Through workshops, organizational consulting, printed and online resources, and public education, Class Action helps individuals develop class awareness and a class lens, explores race and class intersections, addresses class barriers and class privilege, builds bridges across the class divide, and helps institutions become more equitable and promote economic justice.
Can you describe your involvement with Class Action? After observing, surveying and interviewing members of 25 varied progressive social justice groups, doing qualitative and quantitative analysis that uncovered numerous correlations between member class and group culture, and writing the book, Missing Class: Strengthening Social Movement Groups by Seeing Class Cultures (Cornell University Press 2014), I went on a national book tour organized by Class Action staff. We developed workshops for activists on understanding and bridging class culture differences and trained 11 other Class Action trainers to lead them, and we did more than 30 workshops in every region of the US, hosted by community foundations, grassroots groups, colleges, religious congregations, activist conferences, etc. We created a Cross-Class Bridge Builder award, and before I went to a major city, we would solicit nominations of local organizations and circulate a ballot to our and their contacts; I presented an award to the winner at one of my open events. Giving the awards led to more class-diversity among the participants, and more networking, so we were not just spotlighting cross-class alliances, we were helping create them. The last stage of the process was to create the website www.activistclasscultures.org, which had 14,000 separate visitors in its first three months.

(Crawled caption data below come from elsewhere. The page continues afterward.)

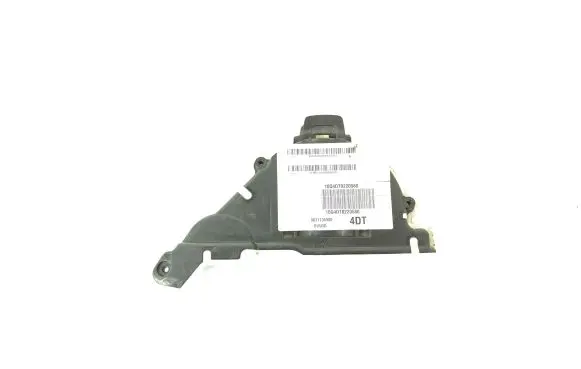 Citroen Berlingo Timing belt guard (cover) 9824675280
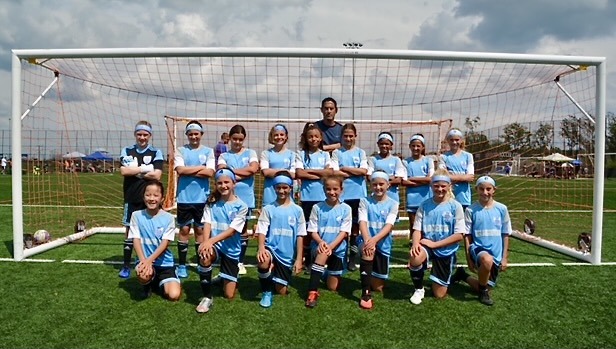 Louden Premier Cup: Congratulations 2010 Wilmington Girls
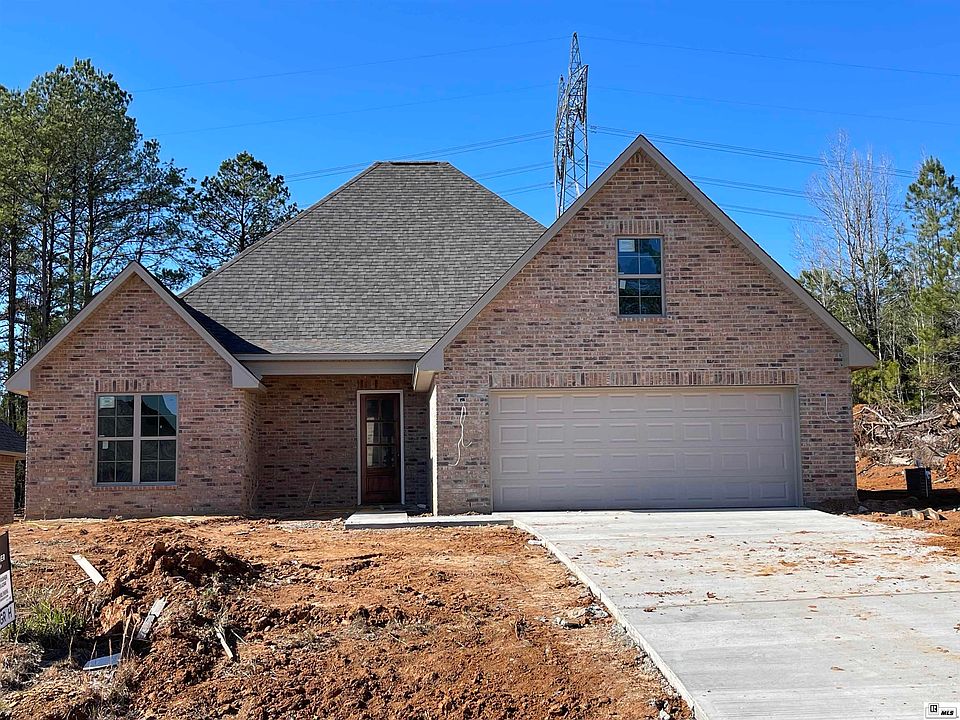 127 Lovemore Dr, Ruston, LA 71270 Zillow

We consider this project a success. We have heard that the tips and tools we spread through the workshops and website have been used by many organizations to make the wording of their mission statements and websites more accessible, to shift internal power relations, to reduce barriers to participation by working-class and poor people, and to inspire outreach and coalition building.

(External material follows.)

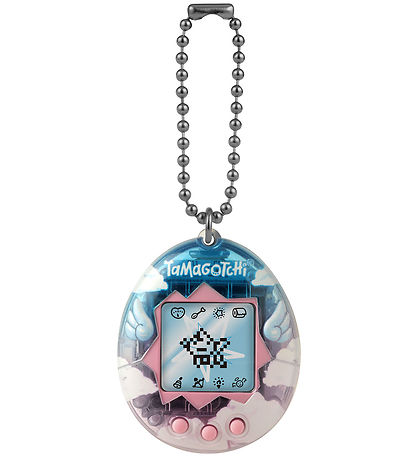 Tamagotchi - Gen 3 - Original - Dreamy Angel Tamagotchi - Gen 3 - Original - Dreamy Angel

What sociological knowledge and/or skills did you use? Above all, Pierre Bourdieu’s theories! At heart the research was about taste distinctions and atypical types of cultural capital that have an exclusionary impact within social movements, an under-explored field.

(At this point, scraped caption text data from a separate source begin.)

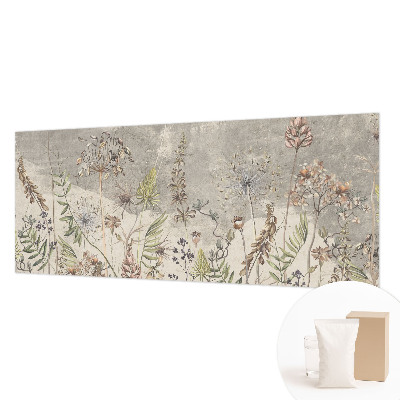 Tapisserie murale Divoké rastliny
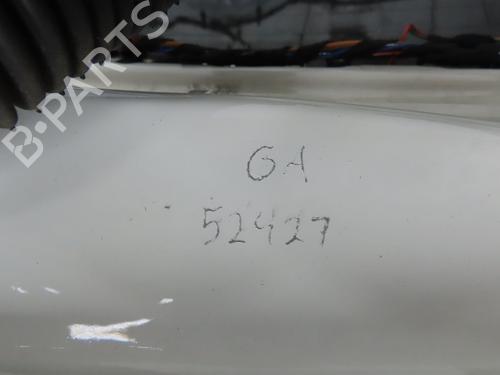 Tailgate MERCEDES-BENZ B-CLASS Sports Tourer (W246, W242) B 220 CDI / d (246.203) | BP28969197C6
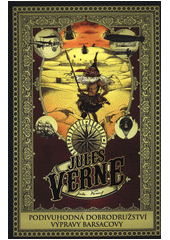 kniha Podivuhodná dobrodružství výpravy Barsacovy, Omega 2020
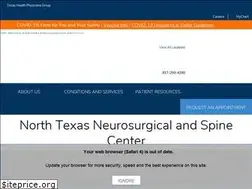 Sites similar to neurosurgicalandspine.com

I drew on social movement scholarship to position the groups within movement traditions. Because it was multi-method research, I used every form of research skill I had ever studied, such as ways to test association of nominal variables such as social class trajectory. I used concordance software to track the prevalence of particular terms per 10,000 spoken words in working-class and college-educated-professional activist speech.
How did you connect with Class Action? I was a founding board member. I was on the staff from 2010 to 2015; now I’m just a board member and senior trainer.
Duration of the project? Eight years from first idea to the end of the book tour and the website going live.
Is there anything else you would like to share about this work? Class Action continues to do cutting-edge work on organizational classism, such as obstacles faced by first-generation college students at elite colleges. One new project, Staffing the Mission, is about unfair and fair compensation policies at mission-driven nonprofits.